### What the exercise asks
Each line of the listing that includes the string "going" needs to be located and copied.

### Study material
***
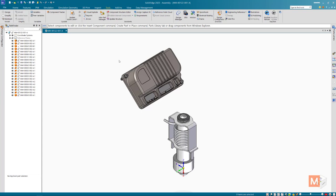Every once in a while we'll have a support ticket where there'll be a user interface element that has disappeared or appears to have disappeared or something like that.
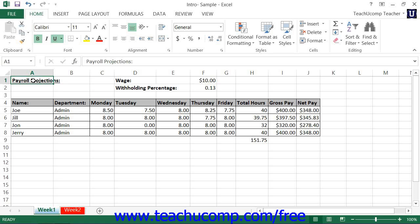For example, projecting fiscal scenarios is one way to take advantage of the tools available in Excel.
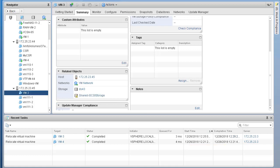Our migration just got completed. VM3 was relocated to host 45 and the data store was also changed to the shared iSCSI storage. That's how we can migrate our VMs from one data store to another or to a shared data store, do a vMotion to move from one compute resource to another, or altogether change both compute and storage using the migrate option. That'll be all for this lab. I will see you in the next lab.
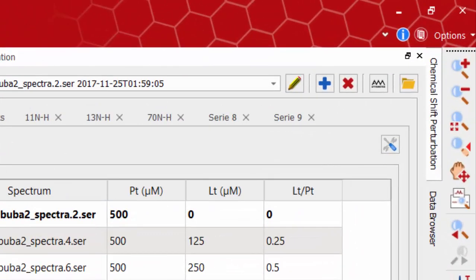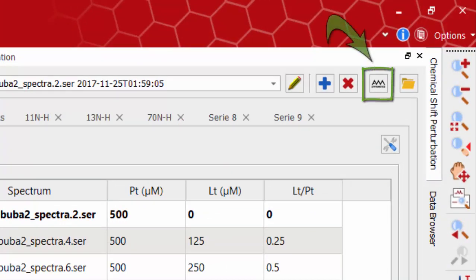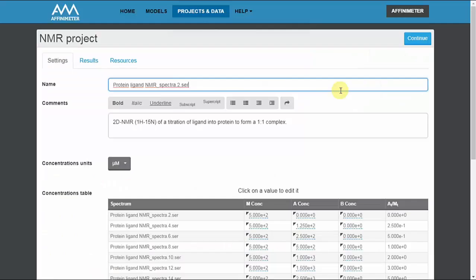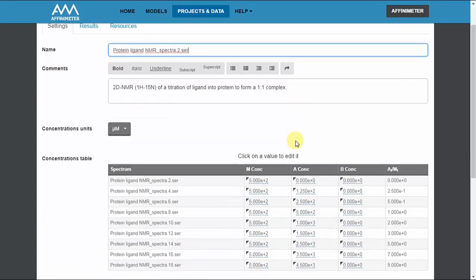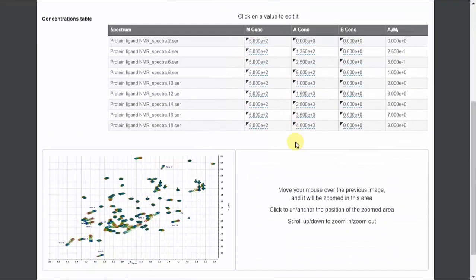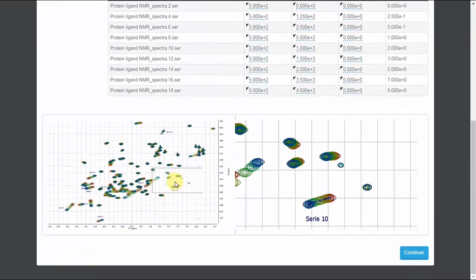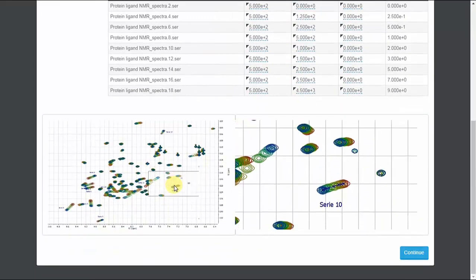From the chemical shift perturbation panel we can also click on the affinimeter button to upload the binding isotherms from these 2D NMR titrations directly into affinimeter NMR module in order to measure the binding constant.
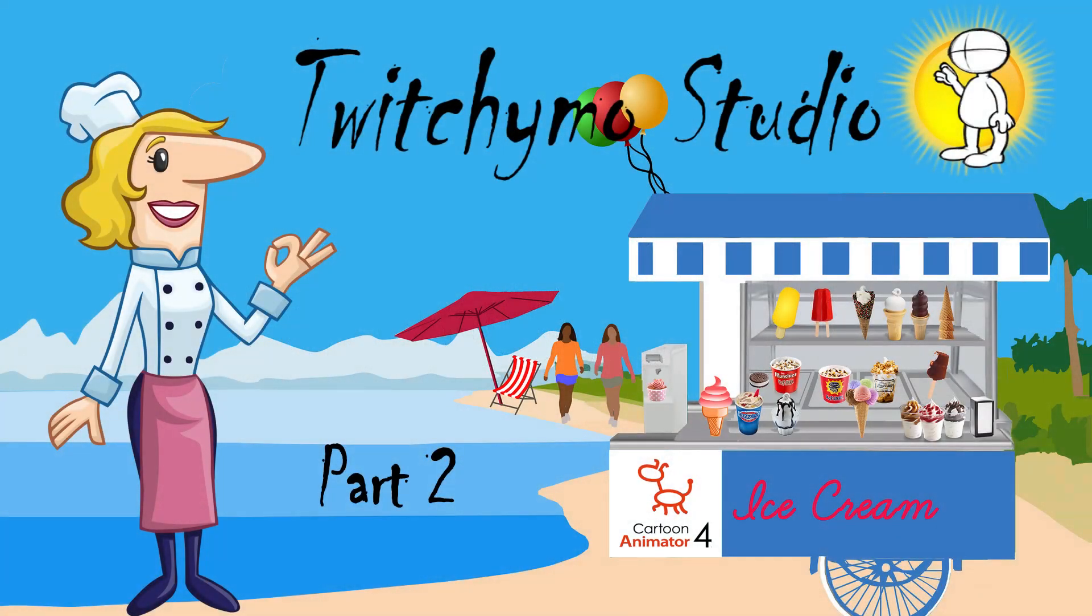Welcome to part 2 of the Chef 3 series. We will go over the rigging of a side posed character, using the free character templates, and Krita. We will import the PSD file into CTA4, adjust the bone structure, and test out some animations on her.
***
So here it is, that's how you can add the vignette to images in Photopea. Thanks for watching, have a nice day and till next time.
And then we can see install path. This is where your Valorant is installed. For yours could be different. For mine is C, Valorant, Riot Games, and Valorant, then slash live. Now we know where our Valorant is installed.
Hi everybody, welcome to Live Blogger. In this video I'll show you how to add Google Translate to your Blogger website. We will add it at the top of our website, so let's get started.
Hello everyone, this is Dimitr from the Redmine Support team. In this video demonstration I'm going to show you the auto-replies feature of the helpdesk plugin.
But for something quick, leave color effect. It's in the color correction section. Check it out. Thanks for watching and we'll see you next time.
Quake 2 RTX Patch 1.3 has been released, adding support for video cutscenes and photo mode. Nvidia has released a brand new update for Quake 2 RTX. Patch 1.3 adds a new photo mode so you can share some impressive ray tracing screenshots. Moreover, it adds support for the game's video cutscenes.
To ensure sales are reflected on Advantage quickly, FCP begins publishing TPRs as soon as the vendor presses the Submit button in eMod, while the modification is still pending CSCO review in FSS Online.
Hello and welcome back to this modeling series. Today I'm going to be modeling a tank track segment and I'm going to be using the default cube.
***
### Written answer
Hello everyone, this is Dimitr from the Redmine Support team. In this video demonstration I'm going to show you the auto-replies feature of the helpdesk plugin.
Hello and welcome back to this modeling series. Today I'm going to be modeling a tank track segment and I'm going to be using the default cube.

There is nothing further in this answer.